> [WHAT YOU WILL DO] Quote all of the data exactly as given. Skip every picture it contains.

> [RECORDS SUPPLIED]
□ □ □ □ □
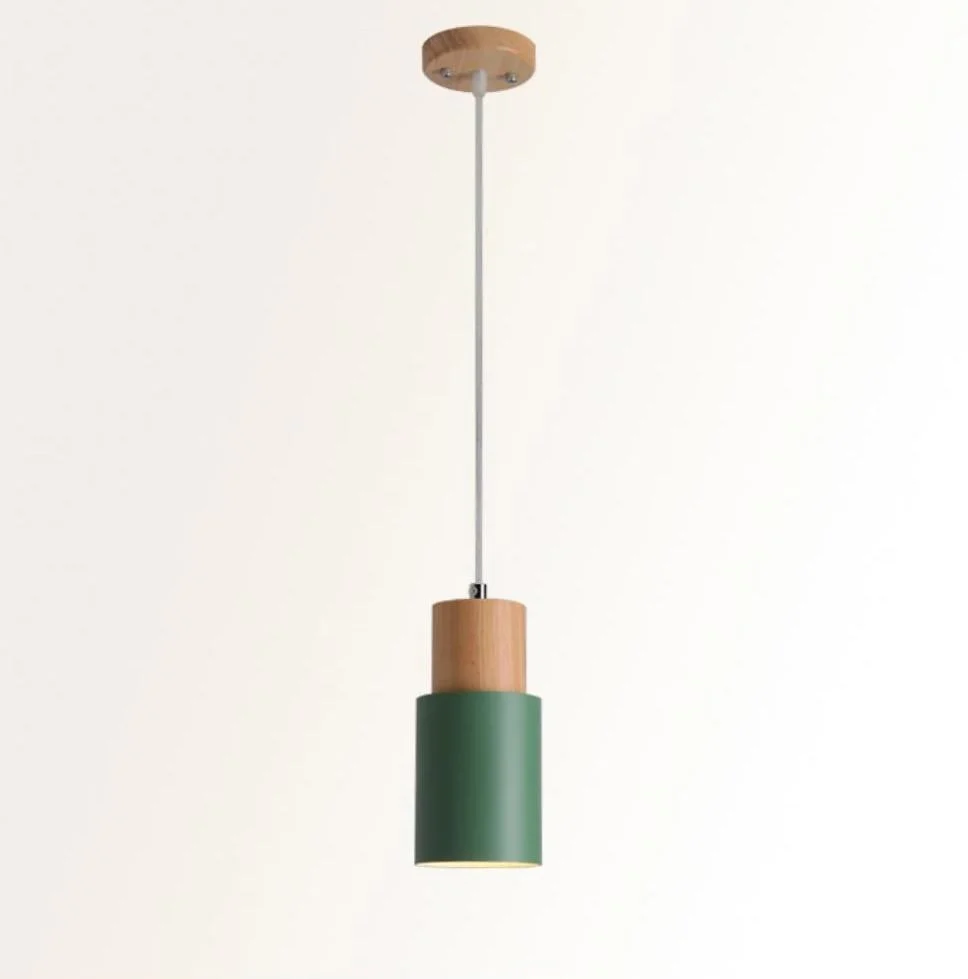 Designer Nordic Hanging Light with Wooden Base and Glass Stone Shade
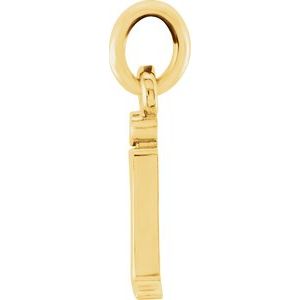 14K Yellow Gold Polished Lowercase Initial Pendant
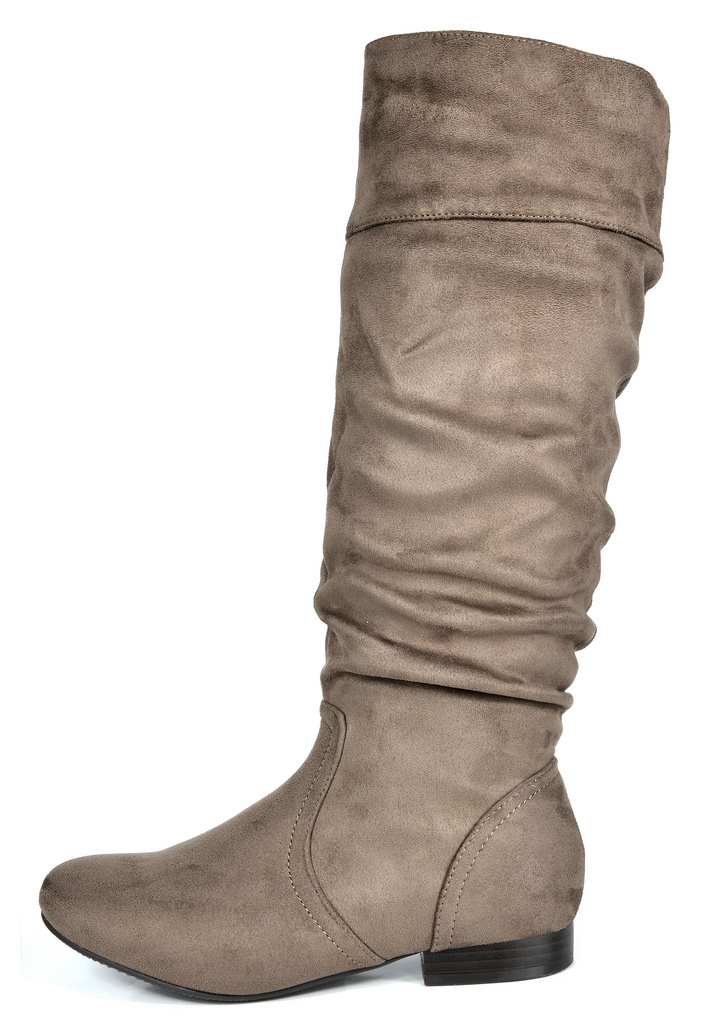 KNEE HIGH BOOTS - TAUPE - SUEDE Women’s Wide Calf Knee High Boots SIZE: 12 - Image 4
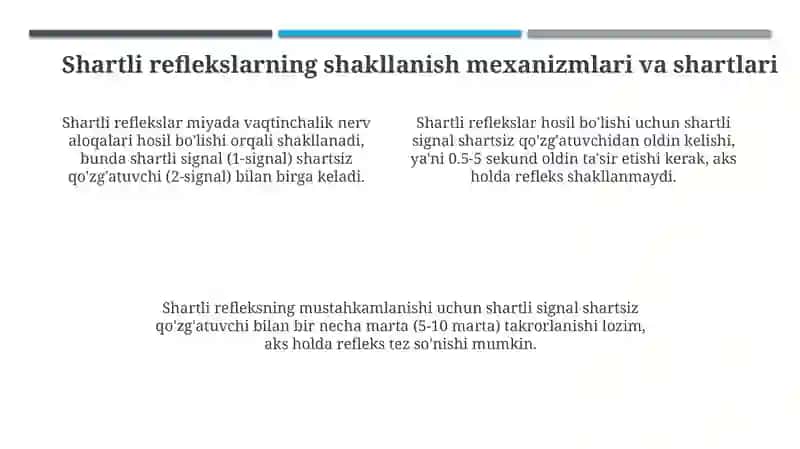 Shartsiz va shartli reflekslar 4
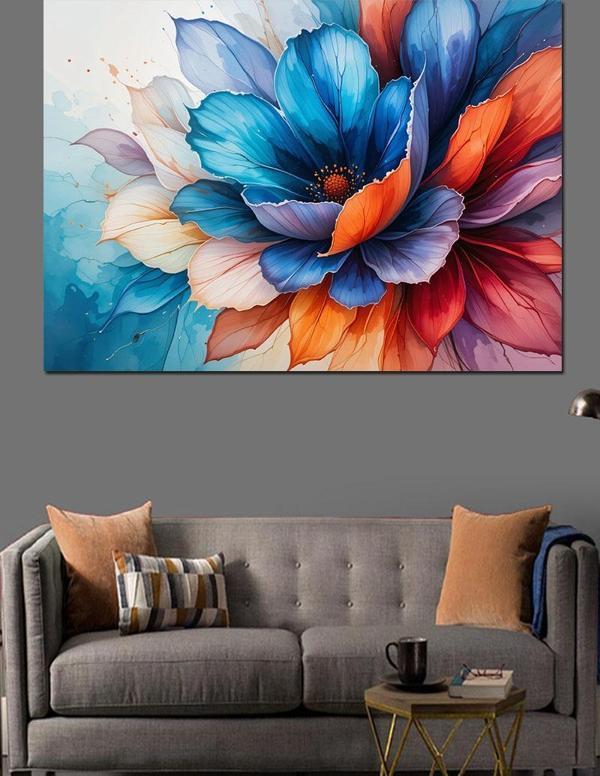Canlı Renkli Çiçek Deseni Dekoratif Kanvas - Mdf Ahşap Tablo - Image 1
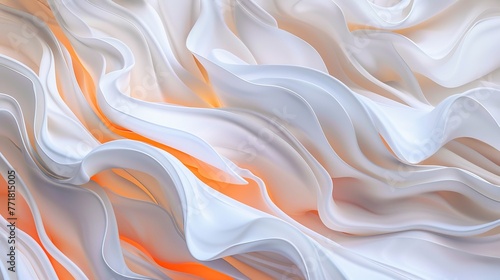 Swirling satin fabric abstract in white and orange for dynamic texture. Colorful satin waves in a soft dance of white and orange hues.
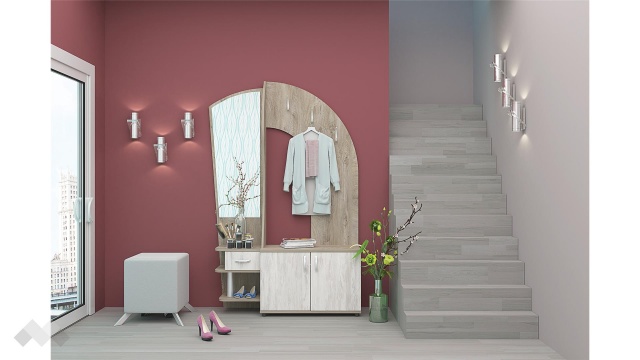 Портманто Спенсър дъб суров с дъб бланко - МебелМаг Портманто Спенсър дъб суров с дъб бланко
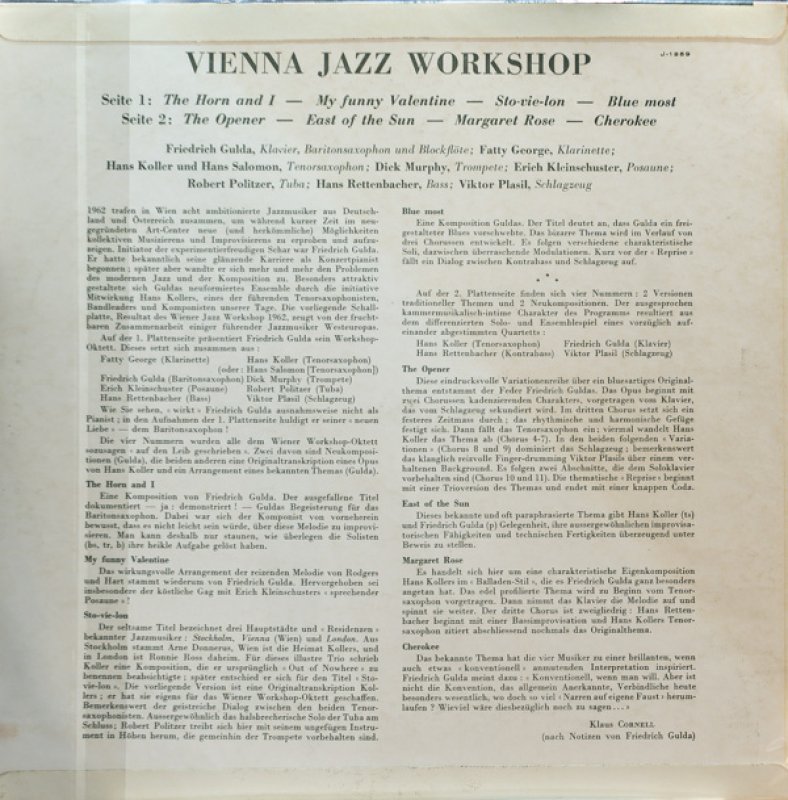 画像2: フルードリッヒ・グルダ(p) 、ハンス・コラー(ts)他/ウィーン・ジャズ・ワークショップ (2)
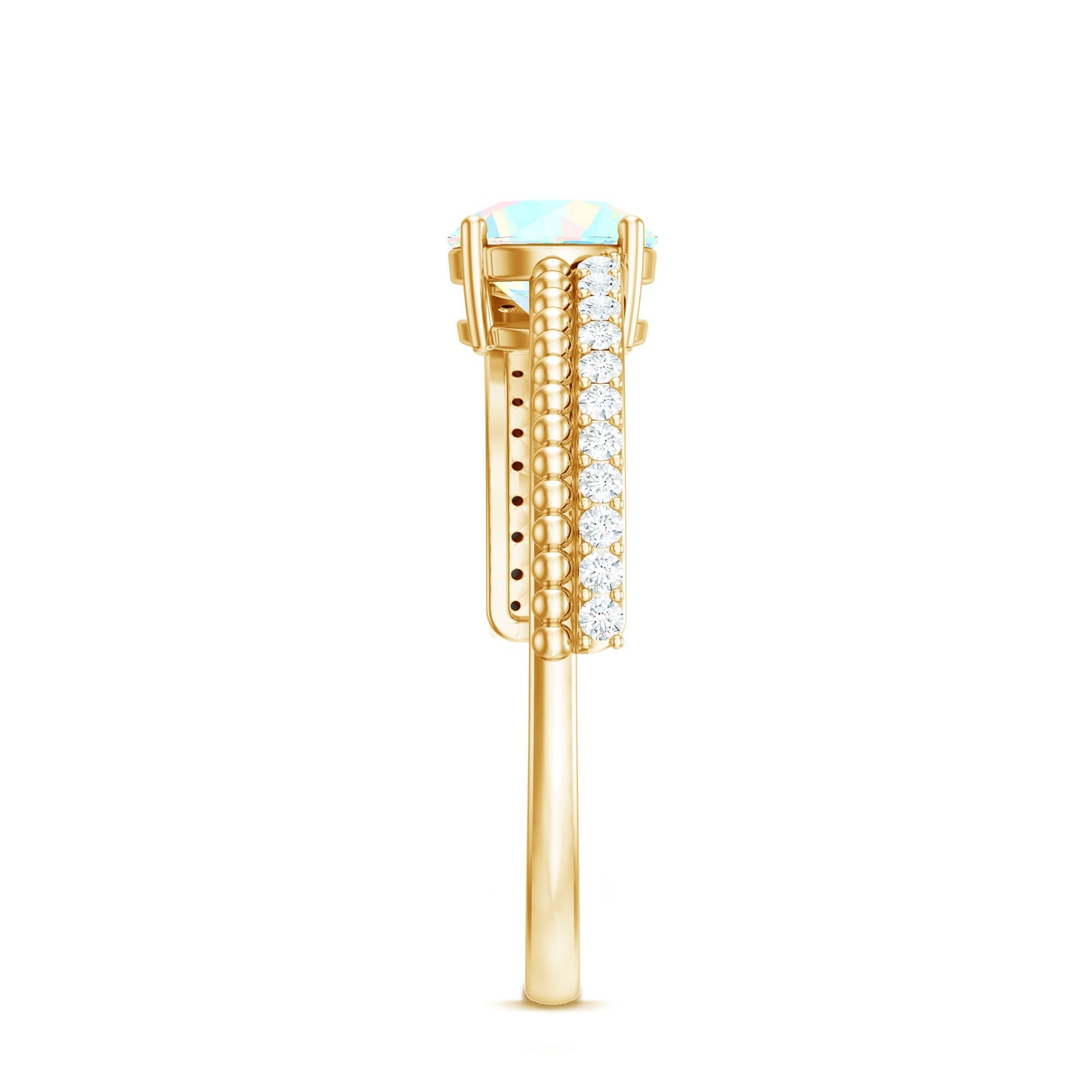 Natural Ethiopian Opal Diamond Solitaire Engagement Ring with Beaded Detailing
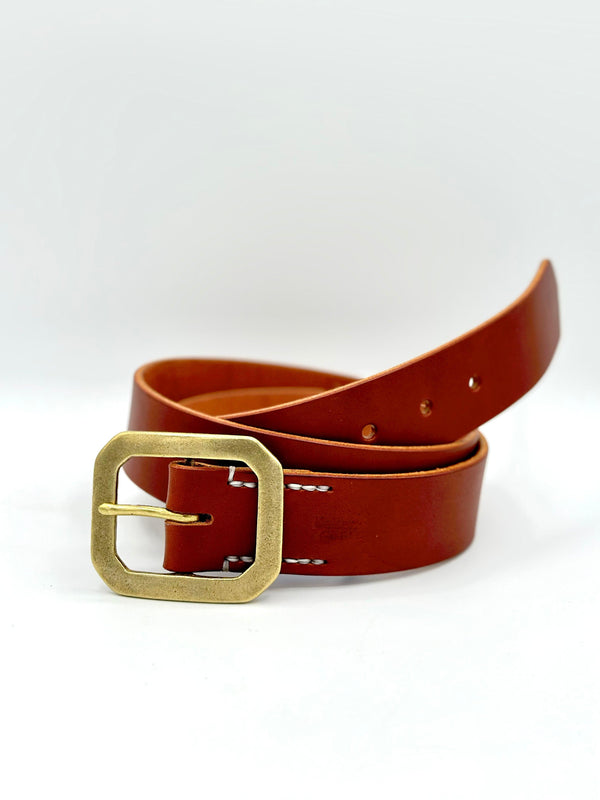 guilty parties Keller Goods 1.5" Leather Belt - Brown
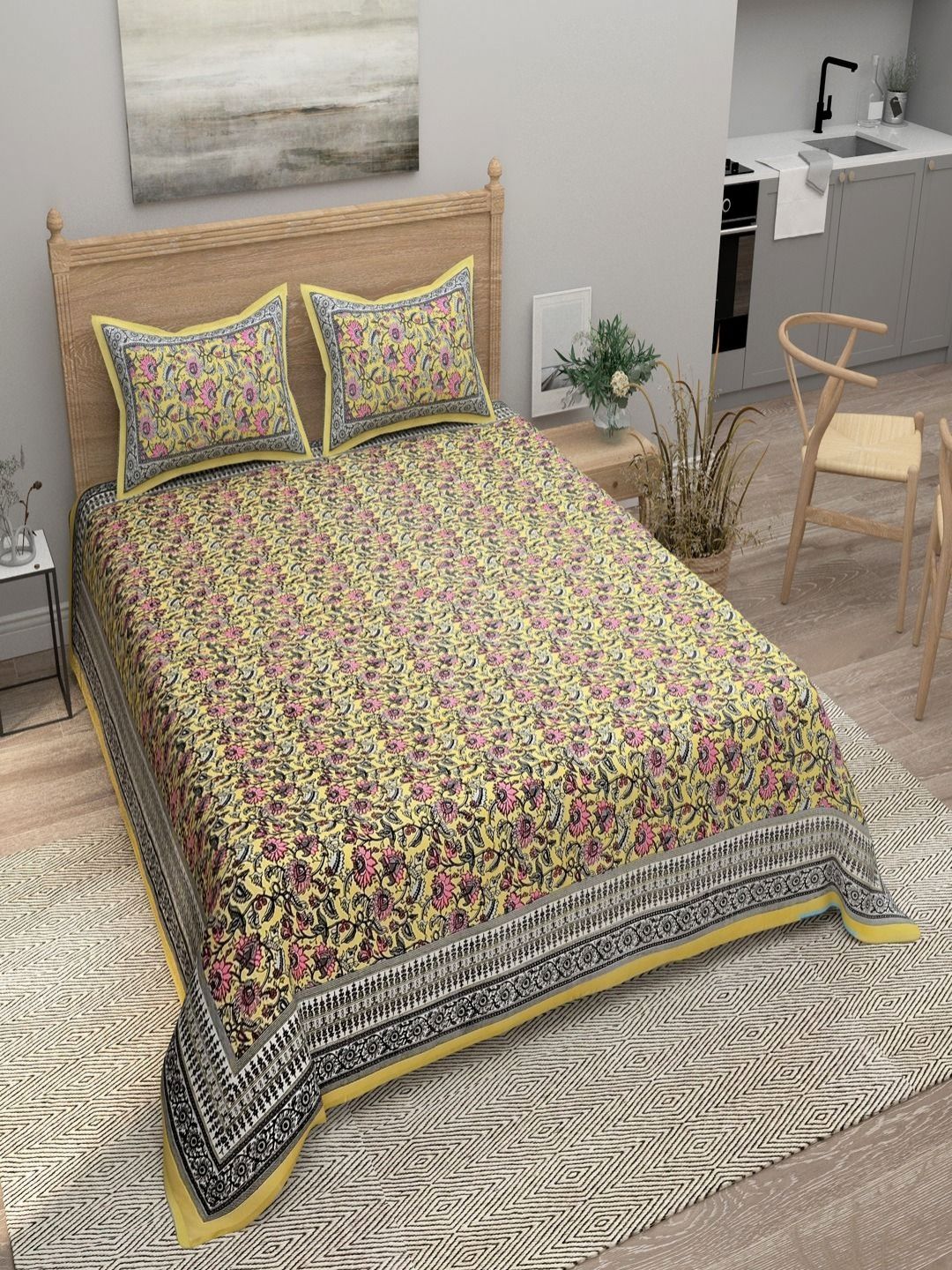 Myntra Elegant Homes Beige Floral Pure Cotton 180 TC King Bedsheet Set-2.74 m x 2.54 m-picture-12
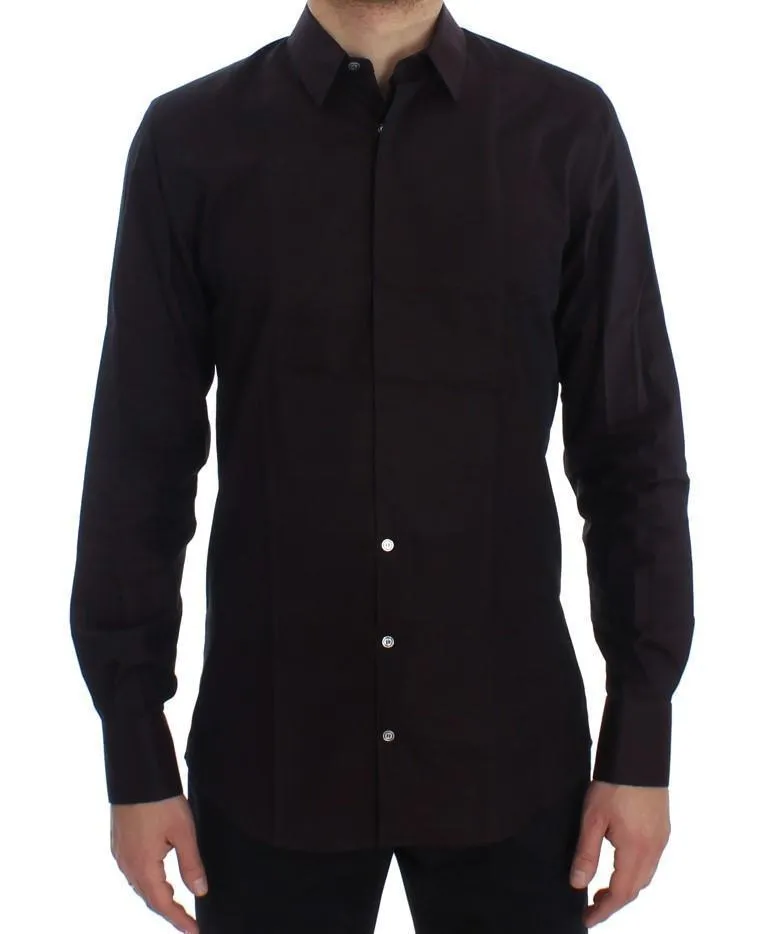 Purple Cotton Slim Fit GOLD Shirt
□ □ □ □ □
> [ANSWER SPACE]
 Designer Nordic Hanging Light with Wooden Base and Glass Stone Shade
 14K Yellow Gold Polished Lowercase Initial Pendant
 KNEE HIGH BOOTS - TAUPE - SUEDE Women’s Wide Calf Knee High Boots SIZE: 12 - Image 4
 Shartsiz va shartli reflekslar 4
Canlı Renkli Çiçek Deseni Dekoratif Kanvas - Mdf Ahşap Tablo - Image 1
 Swirling satin fabric abstract in white and orange for dynamic texture. Colorful satin waves in a soft dance of white and orange hues.
 Портманто Спенсър дъб суров с дъб бланко - МебелМаг Портманто Спенсър дъб суров с дъб бланко
 画像2: フルードリッヒ・グルダ(p) 、ハンス・コラー(ts)他/ウィーン・ジャズ・ワークショップ (2)
 Natural Ethiopian Opal Diamond Solitaire Engagement Ring with Beaded Detailing
 guilty parties Keller Goods 1.5" Leather Belt - Brown
 Myntra Elegant Homes Beige Floral Pure Cotton 180 TC King Bedsheet Set-2.74 m x 2.54 m-picture-12
 Purple Cotton Slim Fit GOLD Shirt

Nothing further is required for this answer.